In addition, both global and local urban heating phenomena can potentially influence the thermal building performance. The associated urban heat island and the global warming increases the cities surface temperature, which negatively impacts environmental and social balance (^{Santamouris, 2014}), affecting energy consumption for cooling, emissions and human health and comfort.
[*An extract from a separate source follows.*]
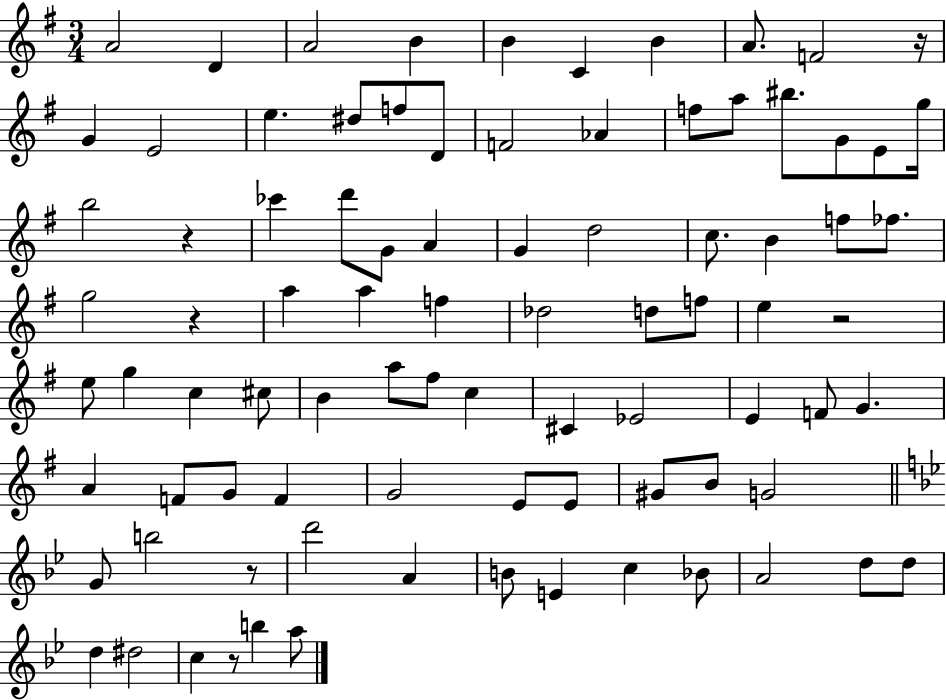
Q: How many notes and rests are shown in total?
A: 87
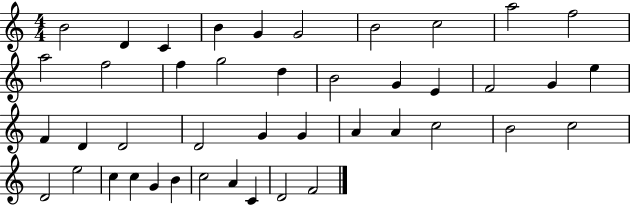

Climate and urban context in Sao Paulo

São Paulo is a sprawling megacity with 39 municipalities. It is the 4th urbanized region in the world with almost 22 million inhabitants, the biggest Latin-American megacity (UN, 2019). Sao Paulo Metropolitan Area (SPMA) is located at 46.6 OW longitude and 23.5 OS latitude, characterized by a subtropical climate, with annual mild temperatures, with average of 19-20°C nowadays, hot and wet summers and milder and drier winters.

The warming pattern has changed, not just globally, but also at the regional scale, including South America (Sánchez E. et al., 2015). Recent studies alert for the increased frequency of extreme events in the city such as heat waves (^{Batista, et al., 2016}; ^{Nobre, et al., 2010}; ^{Marengo, 2006}; Diniz et al., 2020). The data from the Meteorological Station of Parque Estadual das Fontes do Ipiranga (IAG/USP, s.d) reveals a progressive rising in air temperatures, which started in 1933; there was an increase in annual average temperature of approximately 3 °C, from 16-1 7 °C to 19-20°C, and respective relative decrease of air humidity. There were heat wave events in January and February during the years 2014 and 2015, being the absolute maximum 37,7°C occurred in October 2020 (IAG/USP, s.d). Temperatures over 36 °C became common after 2014, which has occured as often as 13 times. There were 14 heat wave events during 2014, three times higher than the previous record (Batista et al., 2016). More recent projections from Diniz et al. (2020) have shown that the heat wave-related excess mortality will be increased by a factor of three times to twelve times, while duration and intensity will be also higher. Its impact on elderly mortality will increase, mainly from cardiovascular diseases in women (up to 587 deaths per 100.000 inhabitants per year).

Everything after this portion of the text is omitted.